Tell me about it. I've been moving things on the RC for two years now. I've pulled things off the trailers before it's not hard at all. I just normally was told to receive so I could get used to the symbol and the experienced TM would pull.  Fun Fact, the SOM was one of the OMS who put me on the dock and told me to pull stuff off. They know I'm RC trained. As far as it taking five mins. I may need a bit more time than that since I'll wanna take notes and have my own personal cheat sheet. Also, there really is no need to train me in small package. I've done that too.



ManMythMachine said:


> Dcguy86, Which department are you currently in?

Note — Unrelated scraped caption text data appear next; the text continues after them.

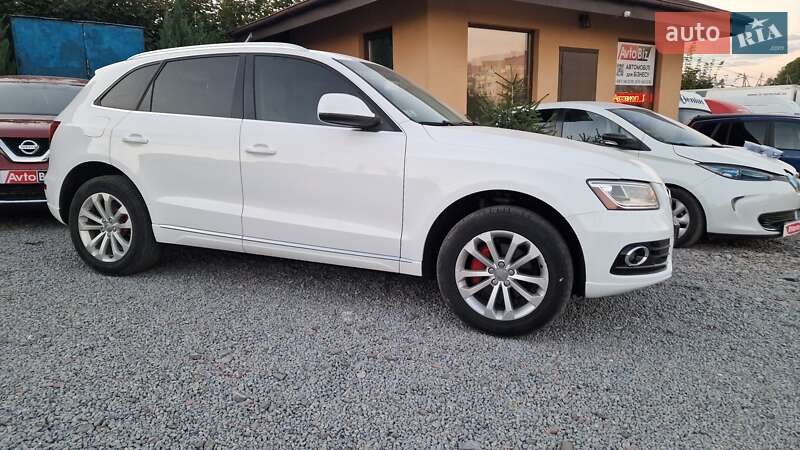 Внедорожник / Кроссовер Audi Q5 2013 в Ровно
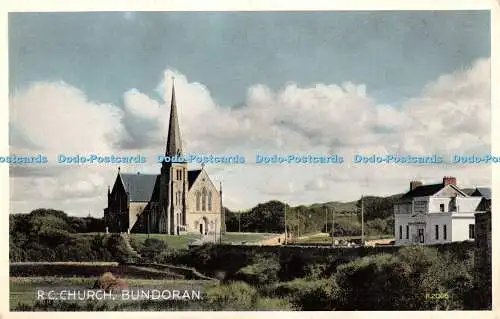 R371246 Bundoran R C Church Valentine Carbo Farbe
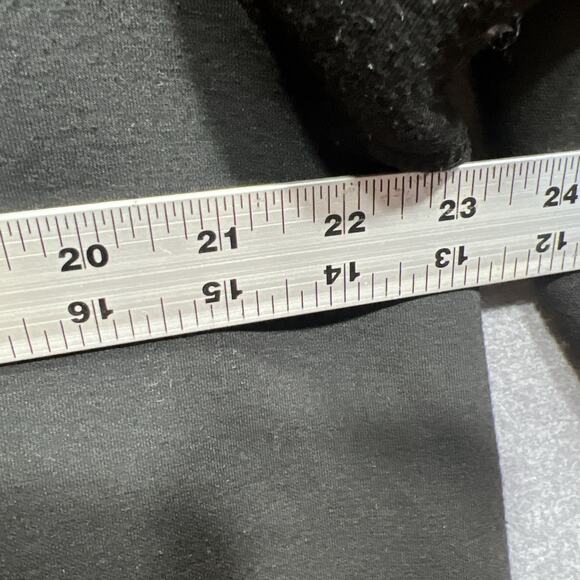 Calvin Klein Performance Hoodie Full Zip Stretch Pockets Jacket Black Womens 1X - Picture 12 of 13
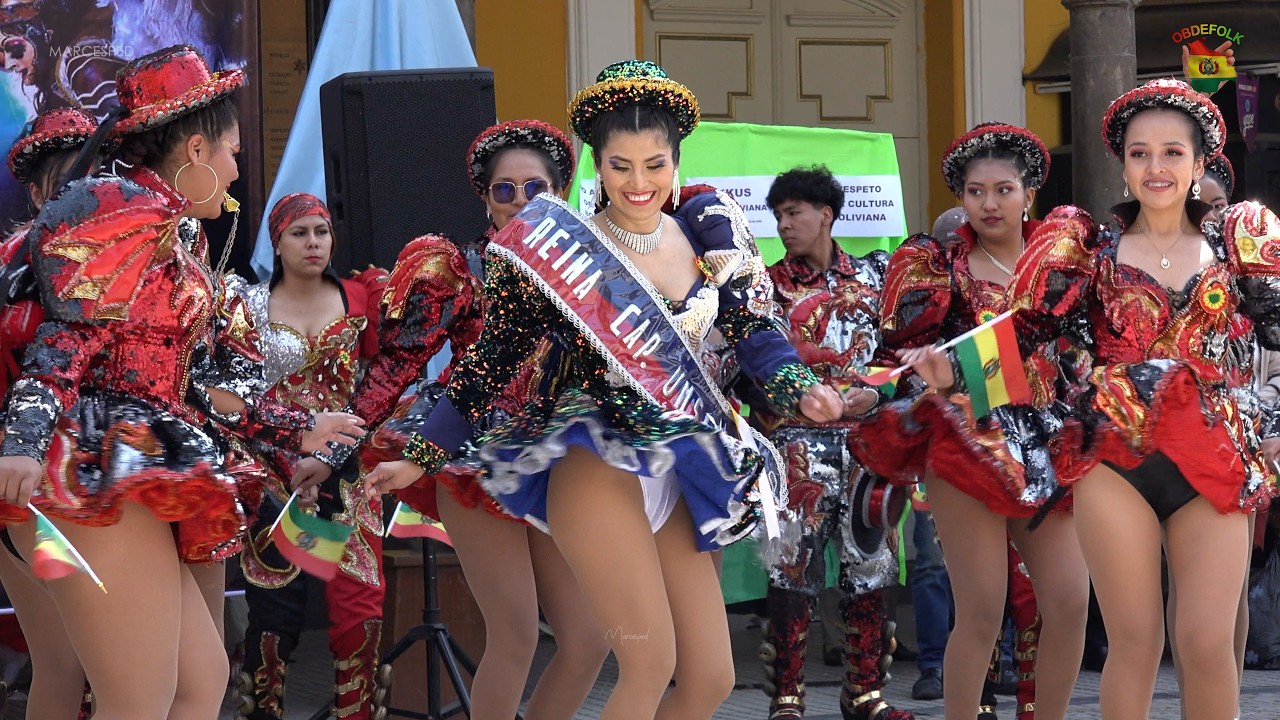 Caporales UMSS 💯🇧🇴 Encuentro Mundial de Danzas 100 % Bolivianas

I'm primarily break pack, but I'm cross-trained into depal (sort coming soon) and inbound (I've done ART Dock small package)


----------



## InboundDCguy (Jun 6, 2020)

Maybe they’re putting it off because they want to train you on the RC attachments to be on the manual dock. Don’t know if they’d bother training a flex in on a slip, but the clamp is easier when you have more space.


----------



## dcworker (Jun 6, 2020)

your OM sucks if everyone not crosstrain some days no one shows up for mandatory overtime


----------



## dcguy86 (Jun 8, 2020)

InboundDCguy said:


> Maybe they’re putting it off because they want to train you on the RC attachments to be on the manual dock. Don’t know if they’d bother training a flex in on a slip, but the clamp is easier when you have more space.

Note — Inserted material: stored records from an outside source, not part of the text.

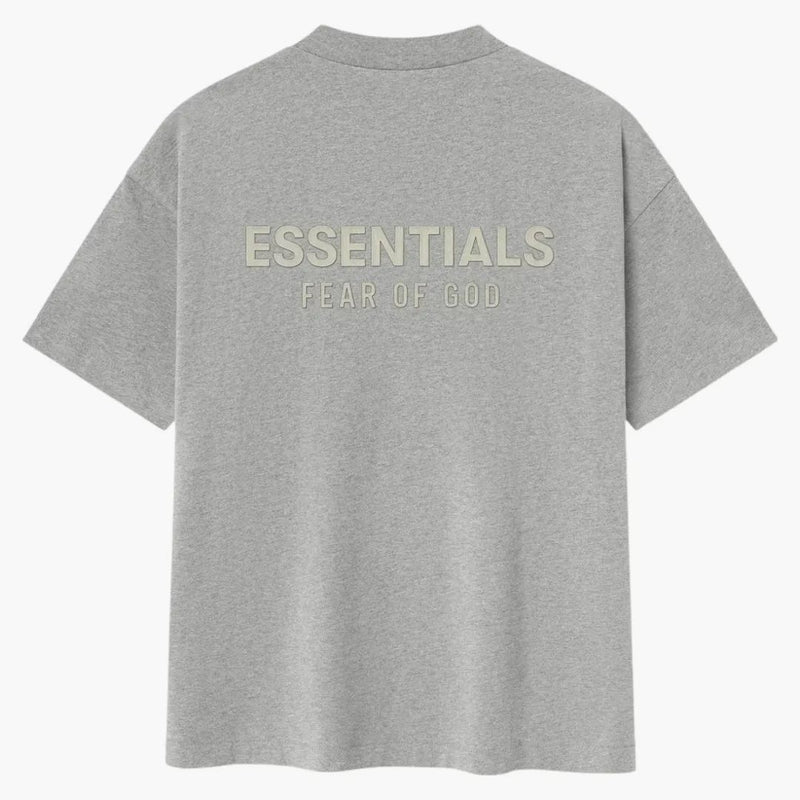 Fear Of God Essentials Classic Tee Concrete Heather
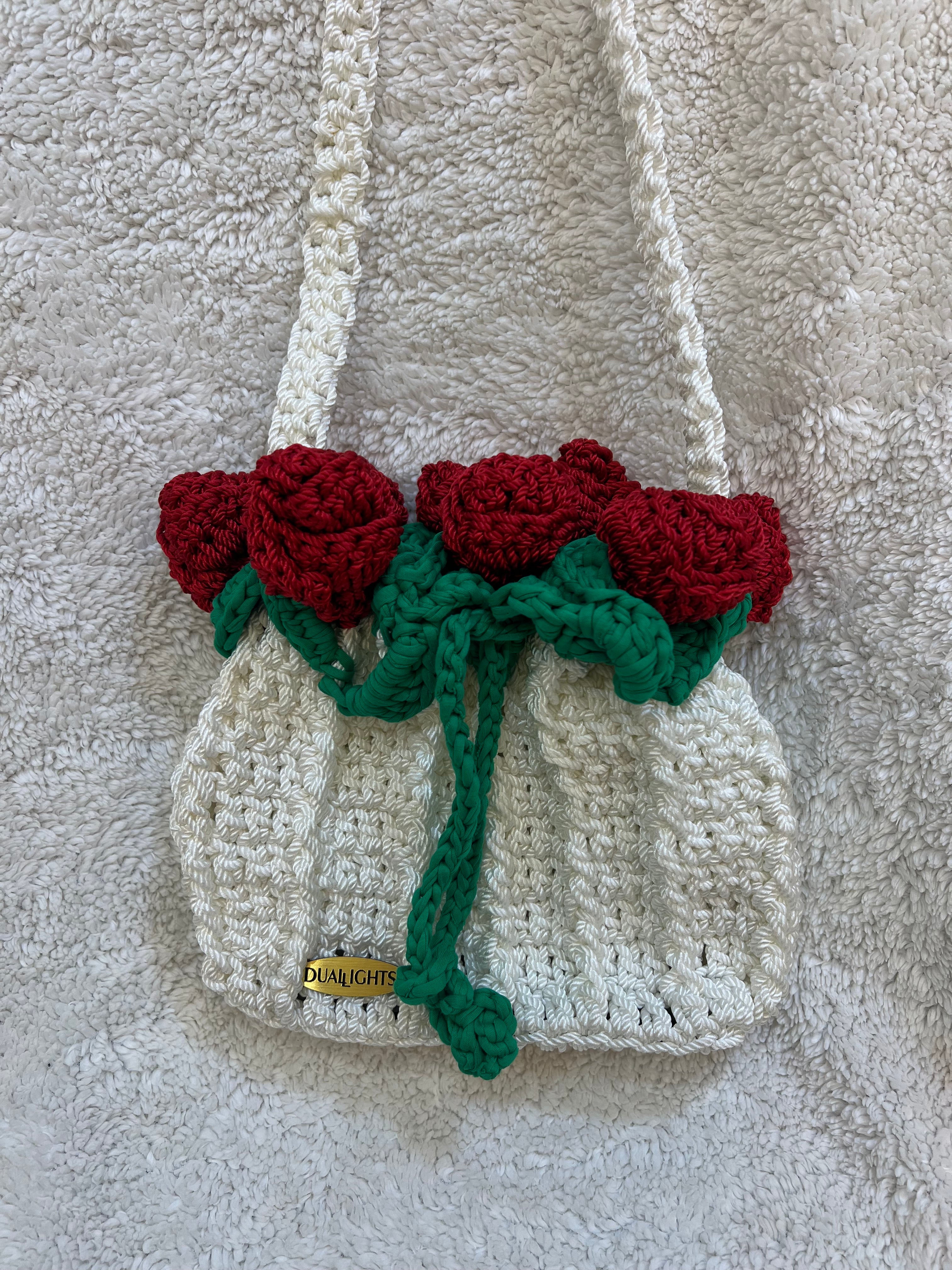 Flower Bouquet Crossbody bag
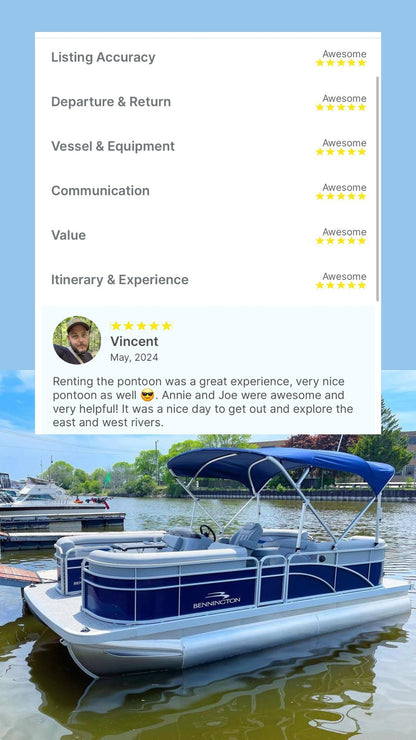 Two Rivers Pontoon Rental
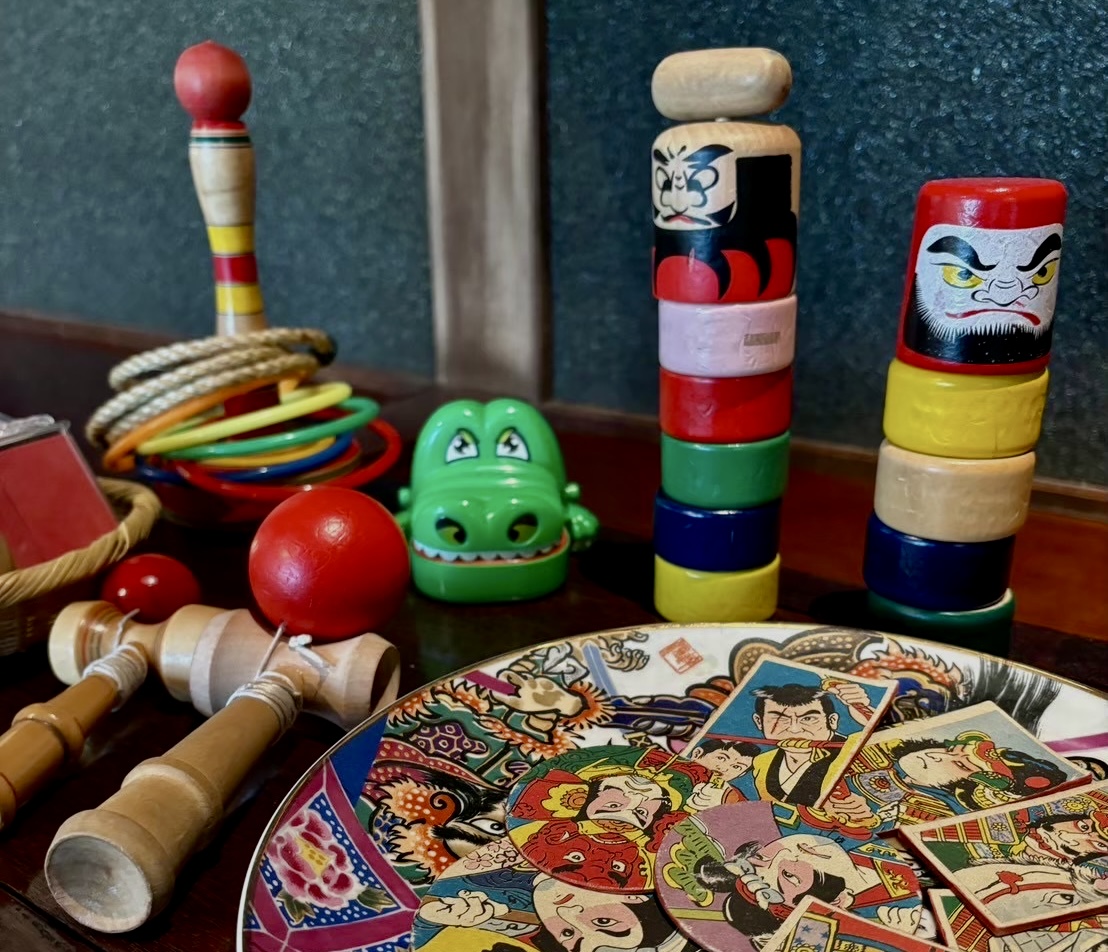 昔のおもちゃ学習資料「昔のくらし」金沢くらしの博物館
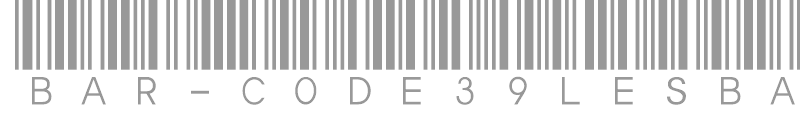 Bar-Code 39 lesbar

I actually talked to the OM about that. They want me to be comfortable with the function before training me on the clamp.


----------



## dcguy86 (Jun 8, 2020)

dcworker said:


> your OM sucks if everyone not crosstrain some days no one shows up for mandatory overtime


I'll be honest, I understand there reasoning, but there has to be some sort of miscommunication. The OM told me they didn't know if they wanted to equipment train me and I had to tell them I'm already RC trained. I've been on the dock before, just never solo.


----------



## dcguy86 (Jun 12, 2020)

Update: I finally started my training.


----------



## Luck (Jun 15, 2020)

dcguy86 there are people who have been promised training for 2 years they still haven't received. I have been gleefully enjoying seeing all the callouts show them just how people are trained on everything.


----------



## ManMythMachine (Jun 16, 2020)

Luck said:


> dcguy86 there are people who have been promised training for 2 years they still haven't received. I have been gleefully enjoying seeing all the callouts show them just how people are trained on everything.

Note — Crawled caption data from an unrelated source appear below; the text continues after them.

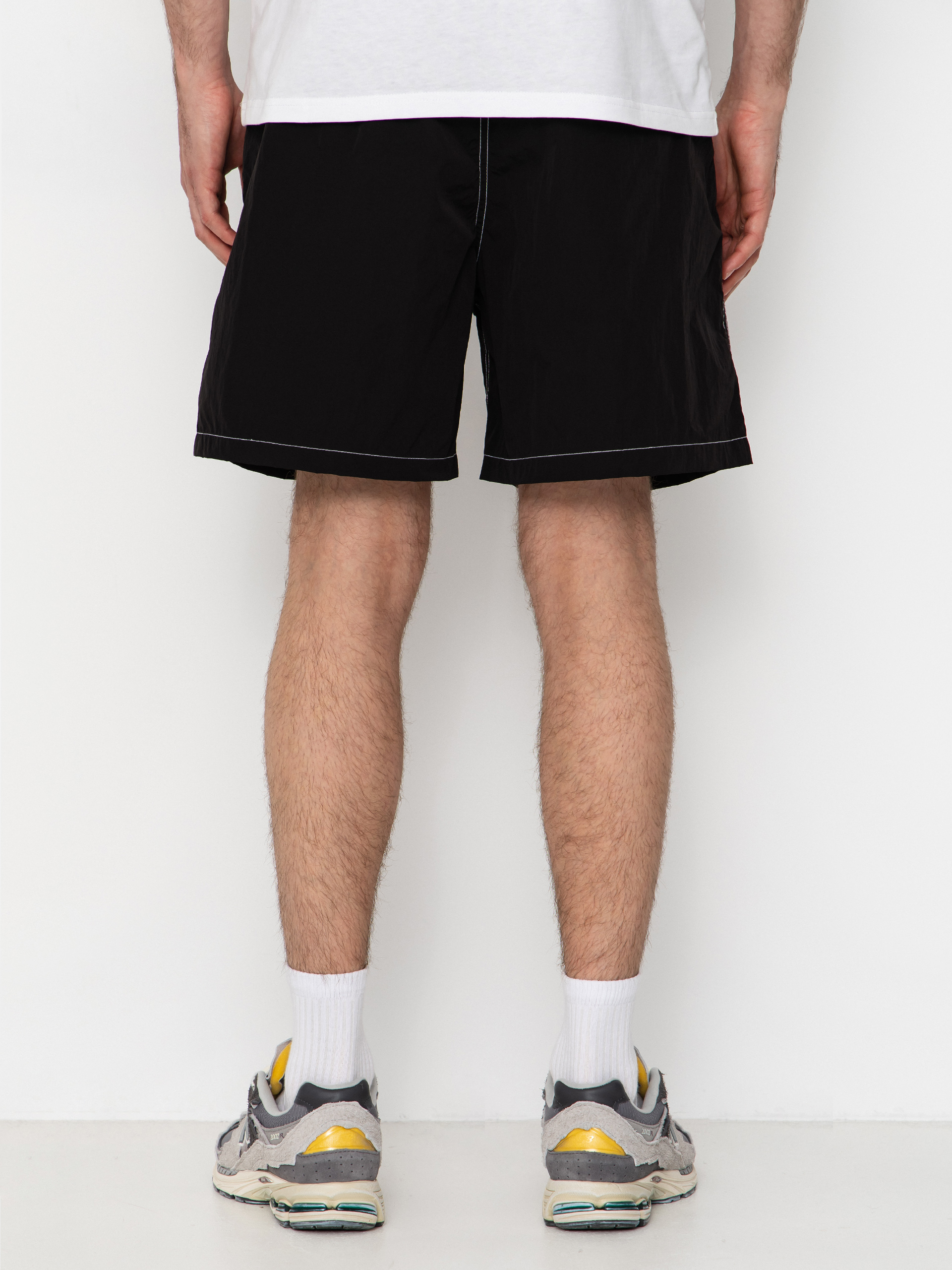 Carhartt WIP Canby Swim Shorts (black/white)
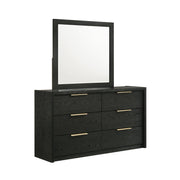South Bend Full 5PC Bedroom Set in Black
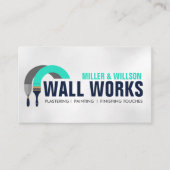 Carte De Visite Services de plastification et de peinture (Devant)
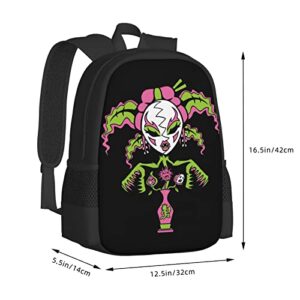 STYLOPUNK Icp Backpack Mens Women Backpacks Laptop Backpack Funny Bookbag For Teen Girls Boys Outdoor Daypack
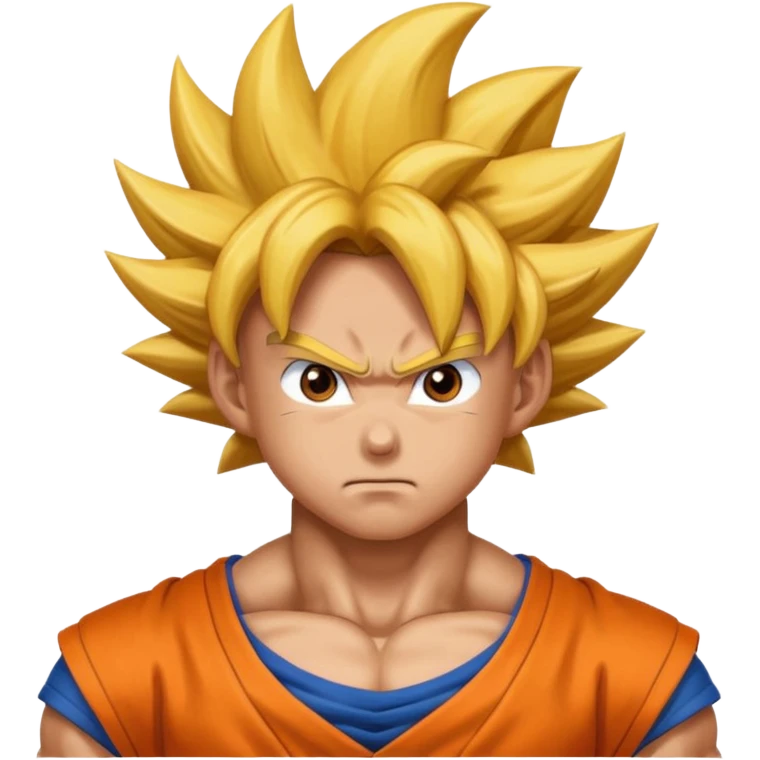 Goku Shibail  emoji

In practice training should be done on timetables and in order.  In reality it's a hodge-podge of endless randomness.

Call outs also hurt the people who are getting trained because maybe they planned to train you starting now and you call out now so you don't get that chance for another month.

Also if you're in a DC with low turnover then it will take a while to do anything new because people already in place aren't going anywhere; whereas a DC with high turnover offers alot more chances to change equipment, shifts & departments.


----------